EXERCISE GOAL -
Set down, please, exactly the lines below that run from the line with "Photo 44 - Transamerica" to the line with "Ichabod af A C Clayman", both lines included.

Records from a data collection:
- - -
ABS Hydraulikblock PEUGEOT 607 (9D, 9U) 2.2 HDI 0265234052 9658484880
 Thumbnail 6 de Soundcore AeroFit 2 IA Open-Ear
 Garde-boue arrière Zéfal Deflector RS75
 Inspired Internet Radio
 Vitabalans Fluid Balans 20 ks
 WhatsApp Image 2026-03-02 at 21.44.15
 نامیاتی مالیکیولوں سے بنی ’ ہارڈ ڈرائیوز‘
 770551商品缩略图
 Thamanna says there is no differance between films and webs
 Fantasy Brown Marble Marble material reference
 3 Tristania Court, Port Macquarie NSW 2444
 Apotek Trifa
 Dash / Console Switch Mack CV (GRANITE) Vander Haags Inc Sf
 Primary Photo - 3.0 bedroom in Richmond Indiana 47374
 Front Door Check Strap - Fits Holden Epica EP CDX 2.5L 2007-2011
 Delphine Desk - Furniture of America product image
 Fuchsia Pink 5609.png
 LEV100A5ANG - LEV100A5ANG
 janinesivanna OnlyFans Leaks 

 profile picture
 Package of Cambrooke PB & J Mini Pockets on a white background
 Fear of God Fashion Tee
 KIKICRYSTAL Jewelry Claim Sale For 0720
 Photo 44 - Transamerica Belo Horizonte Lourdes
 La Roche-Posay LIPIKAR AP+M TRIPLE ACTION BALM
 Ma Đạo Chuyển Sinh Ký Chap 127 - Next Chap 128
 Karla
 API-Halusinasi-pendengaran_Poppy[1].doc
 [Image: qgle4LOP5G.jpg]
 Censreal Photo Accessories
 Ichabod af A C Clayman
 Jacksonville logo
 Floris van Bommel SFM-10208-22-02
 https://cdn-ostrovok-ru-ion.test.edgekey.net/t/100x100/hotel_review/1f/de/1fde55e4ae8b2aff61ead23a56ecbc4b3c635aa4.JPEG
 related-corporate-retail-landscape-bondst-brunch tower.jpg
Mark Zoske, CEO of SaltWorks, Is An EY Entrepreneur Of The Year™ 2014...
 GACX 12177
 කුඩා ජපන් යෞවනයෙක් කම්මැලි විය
- - -
OUTPUT OF THE TASK -
 Photo 44 - Transamerica Belo Horizonte Lourdes
 La Roche-Posay LIPIKAR AP+M TRIPLE ACTION BALM
 Ma Đạo Chuyển Sinh Ký Chap 127 - Next Chap 128
 Karla
 API-Halusinasi-pendengaran_Poppy[1].doc
 [Image: qgle4LOP5G.jpg]
 Censreal Photo Accessories
 Ichabod af A C Clayman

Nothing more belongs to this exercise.